The Court invoked its original jurisdiction to determine whether the paralegal’s activities constituted the unauthorized practice of law, and, pursuant to S.C.Code Ann. § 14-3-340 (1976), John W. Kittredge was appointed as referee to make findings of fact and conclusions of law concerning this matter. A hearing was held and the referee issued proposed findings and recommendations.

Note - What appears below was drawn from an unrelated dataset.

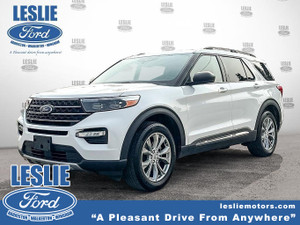 2022 Ford Explorer XLT 4WD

We adopt the referee’s findings and recommendations attached to this opinion and hold that a non-lawyer employee conducting unsupervised legal presentations for the public and answering legal questions for the public or for clients of the attorney/employer engages in the unauthorized practice of law. See State v. Despain, 319 S.C. 317, 460 S.E.2d 576 (1995). We further hold that a proposed fee arrangement which compensates non-lawyer employees based upon the number and volume of cases the non-lawyer employee handles for an attorney violates the ethical rules against fee-splitting with non-lawyer employees. Rule 5.4 of the Rules of Professional Conduct, Rule 407, SCACR.

*24 APPENDIX

THE STATE OF SOUTH CAROLINA

In the Supreme Court IN THE ORIGINAL JURISDICTION

Of the Supreme Court

John Doe, Alias,

Petitioner,

v.

Charles M. Condon, Attorney General for the State of South Caroliná,

Respondent.

PROPOSED FINDINGS AND RECOMMENDATIONS OF THE REFEREE

This is a declaratory judgment action in the Supreme Court’s original jurisdiction. The Court referred this matter to me as Referee. Petitioner, a paralegal, has submitted a generalized list of tasks he wishes to perform and has inquired whether performing them constitutes the unauthorized practice of law. Petitioner also seeks a determination of the propriety of his proposed fee splitting arrangement with his attorney-employer. Despite my repeated offers for an evidentiary hearing, neither party requested a hearing. The record before me is sufficient to address and resolve whether the activities in question constitute the unauthorized practice of law.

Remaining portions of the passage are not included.